Besides proving viruses can leverage protein conformational changes to give robust pyroelectric outputs, the results provide much-needed insights into the microscale origins of biopyroelectricity.
The researchers also showed the engineered phages’ pyroelectric currents could sensitively detect volatile organic compounds through peptide motifs on the viral coat specially designed to bind target molecules. Phages displaying hydrophilic peptides generated currents proportional to the surrounding humidity and polarity of exposed organic solvents. Meanwhile, phages exhibiting peptides that interact with aromatic compounds selectively produced currents when detecting benzene, toluene and xylene fumes.
This pioneering demonstration of substantial, tunable pyroelectricity in a genetically engineered virus opens doors for numerous applications. By replicating virus-based pyroelectric materials en masse, lightweight biodegradable pyroelectric energy harvesters could be affordably manufactured.
Implanted biopyroelectric devices may one day draw electrical power from natural heat gradients inside the human body. Virus-based pyroelectric gas and vapor sensors also offer inexpensive yet highly sensitive alternatives to existing electronic devices.
More broadly, this research illuminates new prospects for engineering superior pyroelectric biomaterials.
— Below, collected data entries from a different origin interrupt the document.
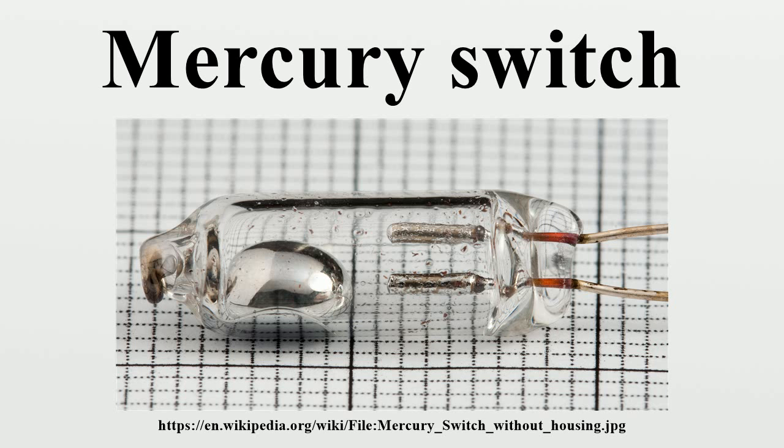Doorbells: some old doorbells, for example the Soviet ZM1U4, use mercury switches as current interruptors.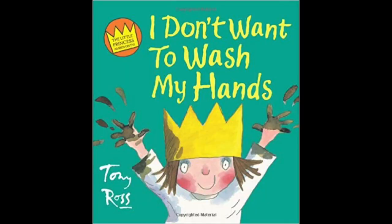To pair with this experiment, there's a book called 'I Don't Want to Wash My Hands' by Tony Ross. If you tuned into our pepper soap experiment, I recommended 'Wash Your Hands,' also by Tony Ross — this is in that same collection. If you liked that one, you'll definitely like this one, so check it out if you want.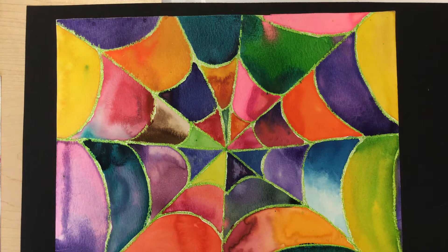Hi there guys, it's Mrs. Langlis and today we are coming back to our spiderwebs that we started working on last week, and we are going to be working on some watercolor painting techniques today.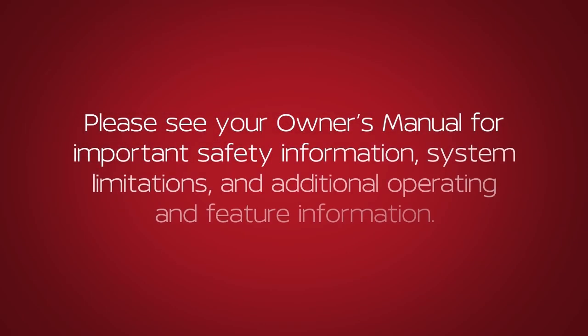Please see your Owner's Manual for important safety information, system limitations and additional operating and feature information.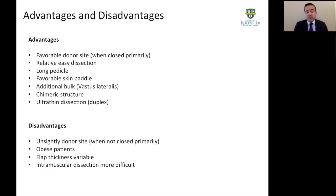In terms of advantages, it has a favorable donor site, specifically when we close it primarily. Studies have shown that a width of no more than eight centimeters allows primary wound closure. It has a relatively easy dissection, especially when perforators come from the septum. It has a very long and generous pedicle up to 16 centimeters, with a variety of favorable skin paddle shapes and sizes. When we need to add bulk, compound flaps can incorporate some vastus lateralis to increase volume. Chimeric flap structures are possible when there is more than one perforator, mainly used for head and neck reconstruction. With duplex or ultrasound, we can perform ultra-thin flaps to reconstruct shallow surfaces such as the dorsum of the foot or hand.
Insights gained from modifying virus structures could guide enhancements of pyroelectric properties in tissues, cells and proteins. Rather than relying on natural biomolecules, purpose-built biopyroelectric materials synthesized through synthetic biology may fulfill needs from compact infra-red sensors to flexible biomedical monitors benefiting human health and industry.
Just as optogenetics revolutionized neuroscience by imparting light-sensing abilities to neurons, imparting pyroelectric capabilities to biologicals via genetic engineering could spur countless inventions benefiting society.